The road to the Betty Ford Clinic is littered with memoirists who want to be novelists. My own novel is 80% fact but I'm selling it as fiction. (Shhhh! Don't say anything.) Writers are basically vain, self-centered, lazy people who couldn't get real jobs in banking or sales or the healthcare industry, and most of them can't be bothered to make stuff up.
Why should we?
Why make up corny scenes that never happened when you can just write down the weird crap that happens to you every day?
Why make up dialogue when you can just copy down what your friends say?
Why make up a love interest when you can just go on a bunch of bad dates? Or write about your neighbor's bad marriage?
Why look for the "emotional truth" when no one even knows what that means?
Writing Is Easy???But It's Easier to Talk about Writing!
So yesterday Larry King Live called...
...And six hours later, Ray pulled up to Sherwood in a black town car and we're off. There was a tense moment when my brother insisted Ray take this shortcut to Portland he knows (Ray didn't take it). I busied myself with all the really smart things I would say and whether I should go with lightly tousled hair or a ponytail. (I went with tousled).
We arrived. We were whisked away. (I love getting whisked.) Into a large room, empty except for a wooden chair and a camera that looked like the Super8 cam my Uncle Freddie had in 1974 (p. 41 in my memoir).
A technician clipped a mic to my shirt, and stuck an IFB in my ear. (Fifteen years in the news business and I still have no idea what that stands for.) We consider whether to go with the "daytime" Mount St. Helens background or the "nighttime" Portland skyline. I'm wearing a light blue shirt so I ask for "daytime." The producer decides to use nighttime.

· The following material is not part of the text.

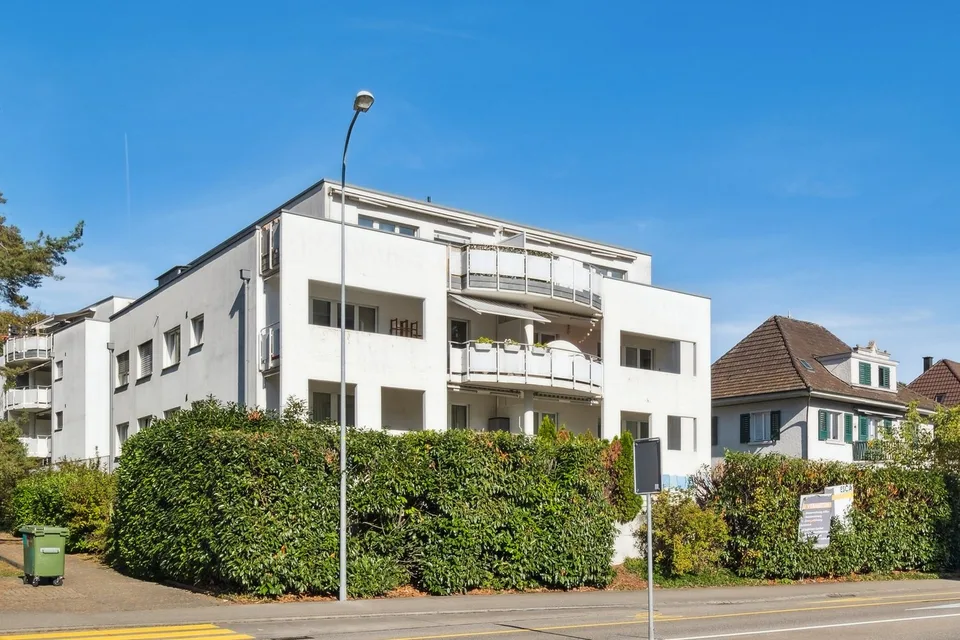 3.5-Zimmer-Wohnung mit zwei geräumigen Balkonen!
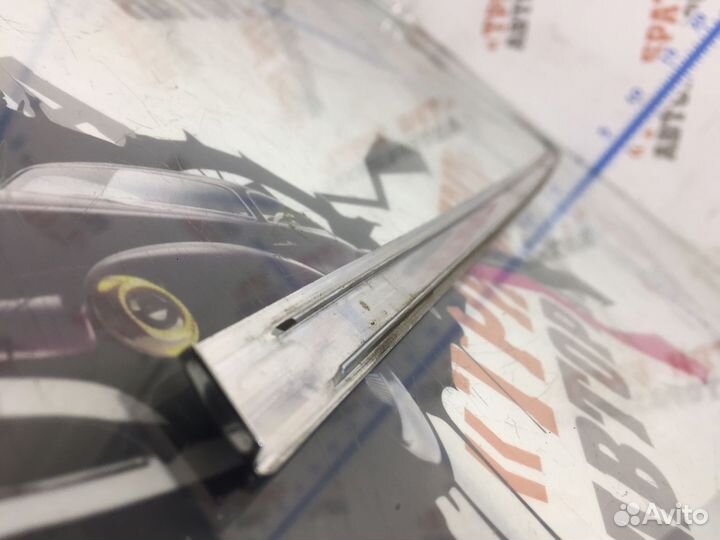 Молдинг форточки задней левой 3C9953345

Two minutes to six I hear Larry's voice in my ear. "Just stare at the camera and talk." I can't see Larry (or anyone) and I can barely hear the other guests but I do it. I stare at the camera and talk. Stare and talk. Stare, nod and talk. It wasn't until I got home and watched the tape that I realized...
Michael Wolff is a Dick.
He called memoir a "new and squishy" genre.
Squishy??? Putting pen to paper and writing an honest, often heartbreaking, sometimes hilarious story of one's life is squishy? Gee, I thought squishy was writing for a magazine with naked celebrities on its cover and calling it journalism.
And The Oscar Goes To???
I want to thank all the people who helped make this blog possible. First to all my fans who posted comments. Thanks mom! To my brother Anthony (do you think you sold any of your books?). To Teresa for running a tight and sometimes sinking ship. To Gianna and Anthony (Jr.) who miss me (see comment). To my brother Richard, you spelled hysterical wrong. To everyone who thinks I'm funny, especially, and who read my book and left all of those sweet and touching comments about it. Thank you.

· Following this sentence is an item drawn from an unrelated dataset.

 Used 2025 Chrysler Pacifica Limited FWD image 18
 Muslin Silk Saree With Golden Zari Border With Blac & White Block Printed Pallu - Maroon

And thank you Dave at Powell's, who promised a shelf-talker blurb and also to put my books in the window if I plugged Powell's on Larry King.

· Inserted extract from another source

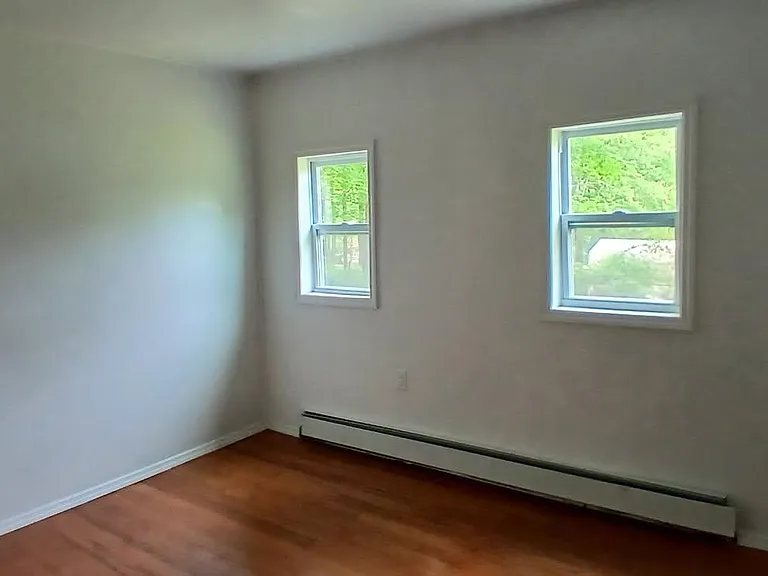 14 Maple St E — Photo 7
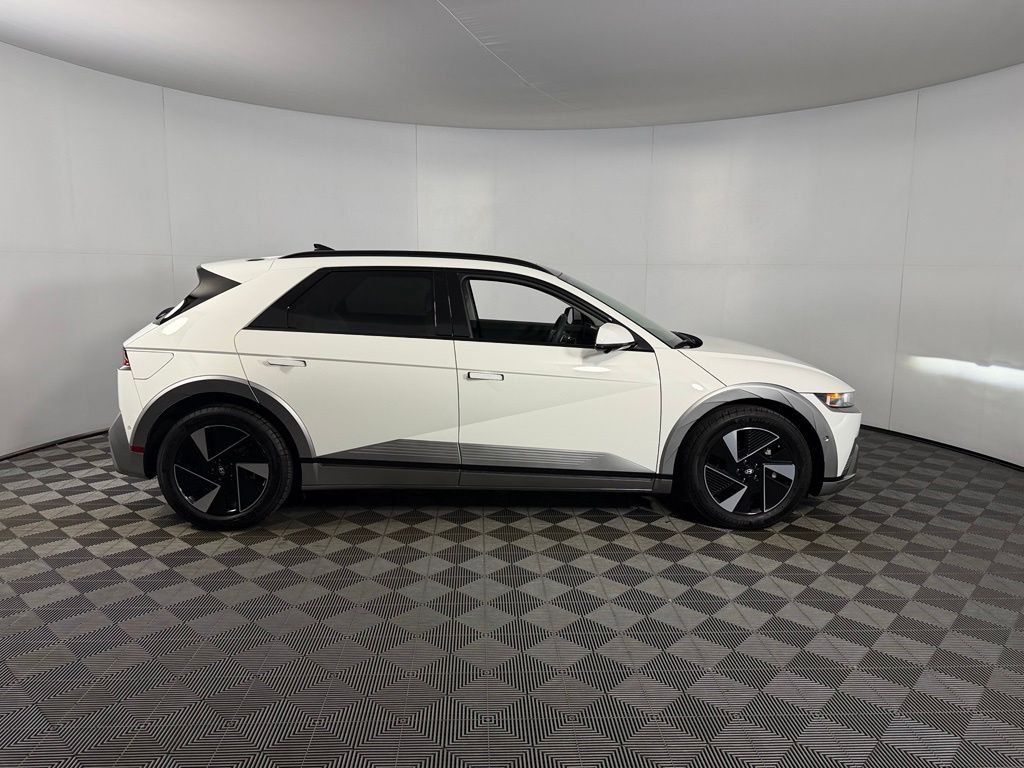 Used 2025 White Hyundai Limited image 5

You like me, you really like me...!
Shout Outs to....
- Steve Martin, who wrote a hilarious essay for the New Yorker titled "Writing is Easy." (I told you Rule #1: I will shamelessly steal ideas.)
- Kudos to Drew Barrymore for going on SNL to make fun of herself and her "golden globes." Cool.
- Vince and Owen for making me laugh this week.
- And especially to Mark who always makes me laugh.
And to all you aspiring writers out there, I'd like to leave you with this???.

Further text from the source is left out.